### Dataset extract ###

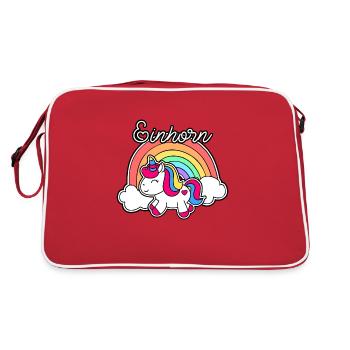 Einhorn mit Regenbogen - Retro Tasche - Rot/Weiß - Hinten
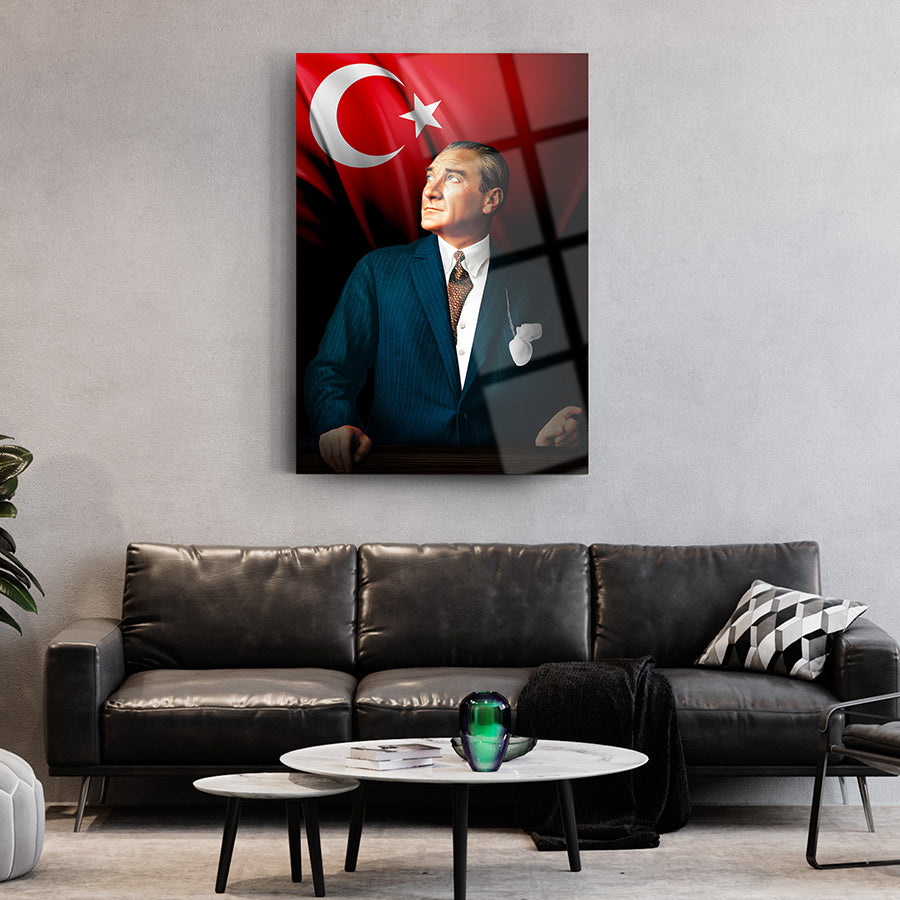 Atatürk 104 Cam Tablo, modern salon dekoru, özel tasarım UV baskı, dayanıklı cam, Türkiye'nin simgesi
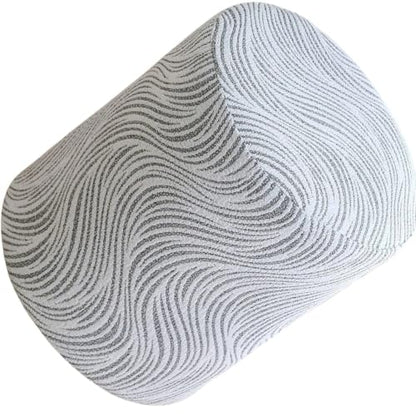 Small Round Jacquard Ottoman Cover with Elastic Fit - Light Gray D18xH16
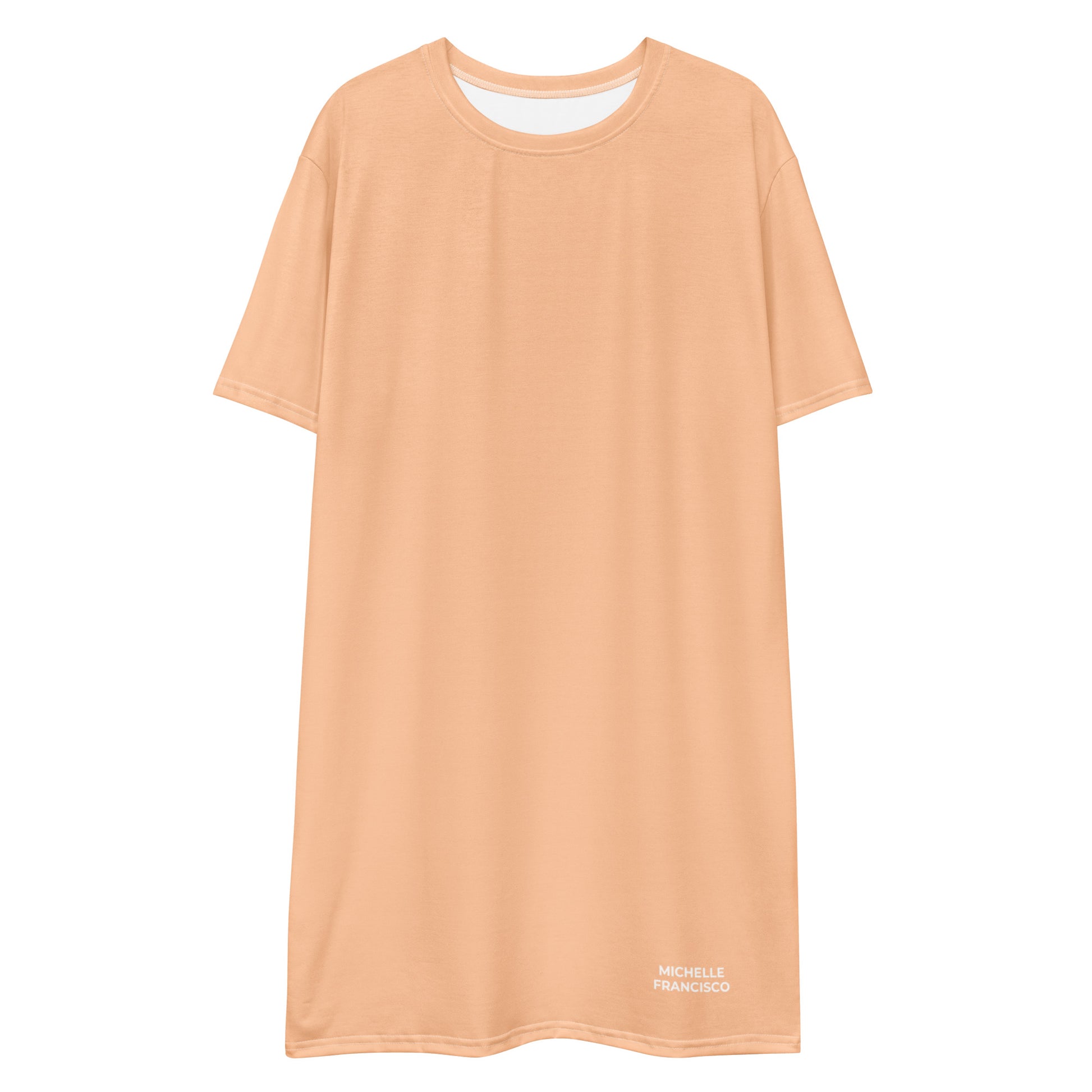 peach t shirt dress NWT $40 medium peach Merokeety Crew Neck T-shirt Dress Tie Waist soft & stretch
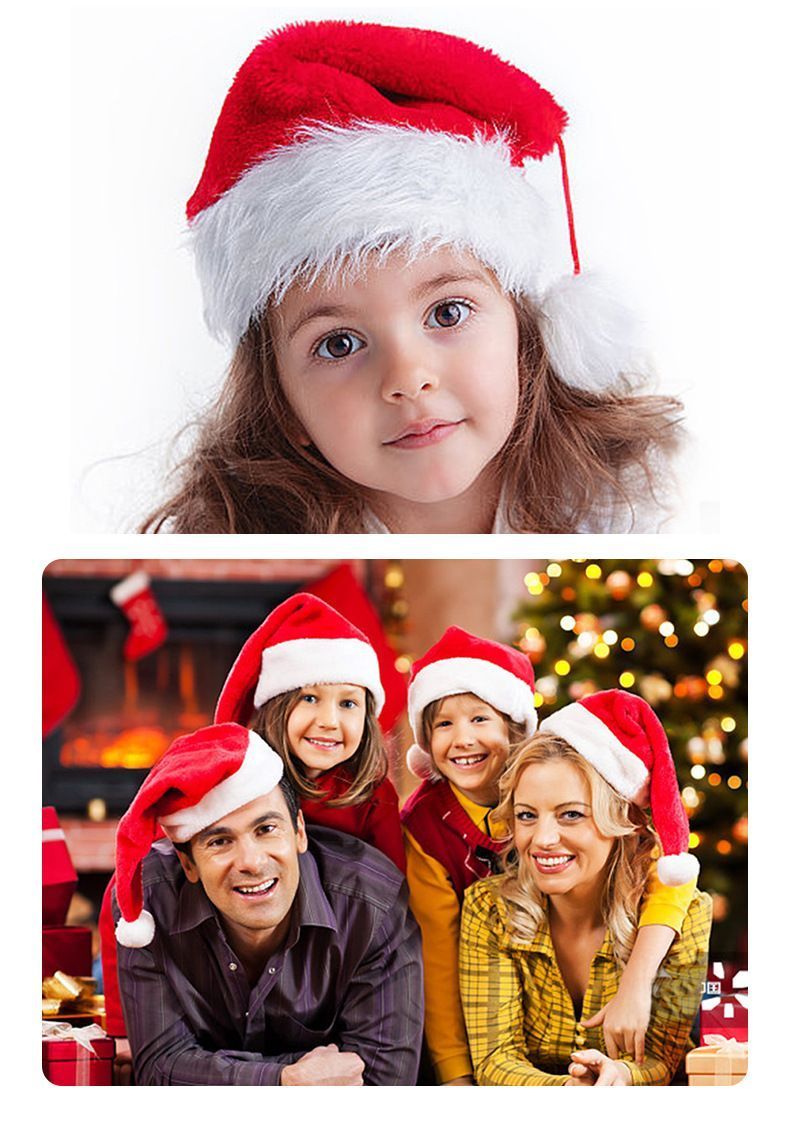 Short High-Pile Red Santa Hats – Pack of 4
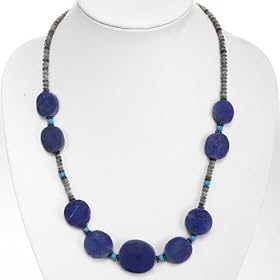 Handmade Silver Lapis Lazuli and Jade Necklace by Lazuli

###

Assignment → Write out the data once more exactly, omitting the pictures.

Solution for this task →
 Einhorn mit Regenbogen - Retro Tasche - Rot/Weiß - Hinten
 Atatürk 104 Cam Tablo, modern salon dekoru, özel tasarım UV baskı, dayanıklı cam, Türkiye'nin simgesi
 Small Round Jacquard Ottoman Cover with Elastic Fit - Light Gray D18xH16
 peach t shirt dress NWT $40 medium peach Merokeety Crew Neck T-shirt Dress Tie Waist soft & stretch
 Short High-Pile Red Santa Hats – Pack of 4
 Handmade Silver Lapis Lazuli and Jade Necklace by Lazuli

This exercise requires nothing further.